**Supplied information**:
Segment Open
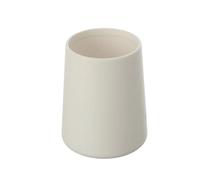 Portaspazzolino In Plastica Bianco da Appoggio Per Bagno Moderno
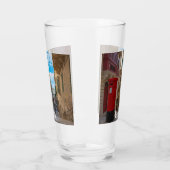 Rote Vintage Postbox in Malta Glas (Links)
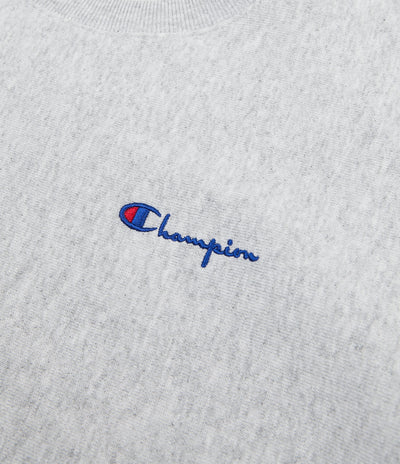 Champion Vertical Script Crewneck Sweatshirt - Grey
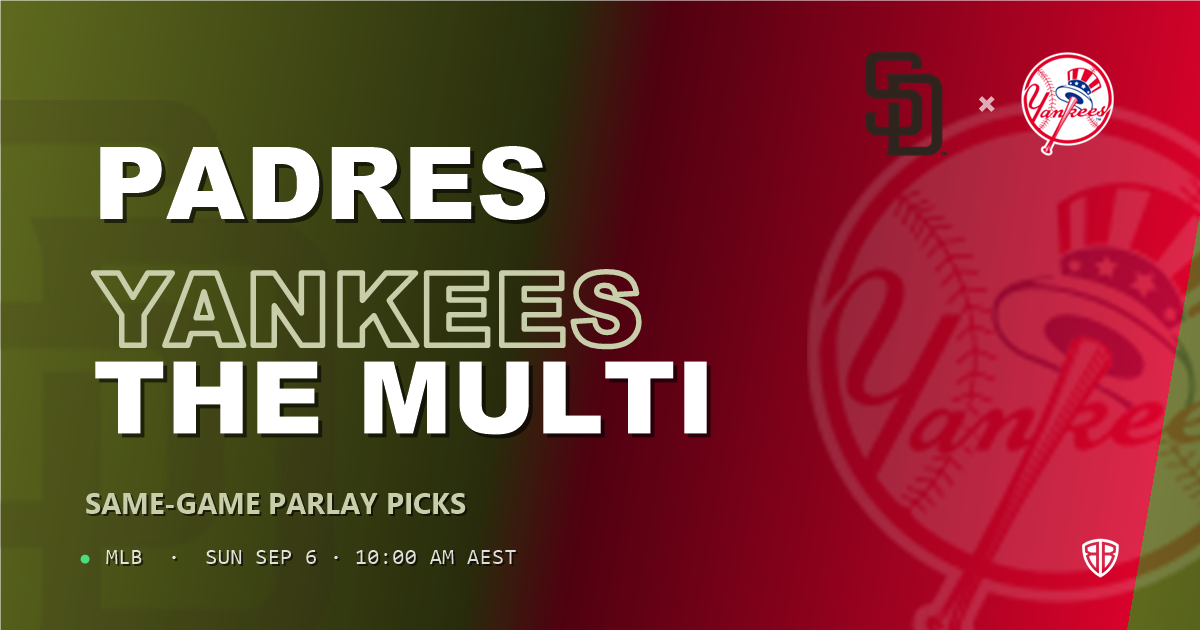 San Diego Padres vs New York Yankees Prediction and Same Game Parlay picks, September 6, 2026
Segment Closed
**Exercise prompt**: The lines from the one that contains "Rote Vintage Postbox in Malta Glas (Links)" through the end of the data, repeated exactly and with no pictures, make up the whole answer.

**Output of the task**:
 Rote Vintage Postbox in Malta Glas (Links)
 Champion Vertical Script Crewneck Sweatshirt - Grey
 San Diego Padres vs New York Yankees Prediction and Same Game Parlay picks, September 6, 2026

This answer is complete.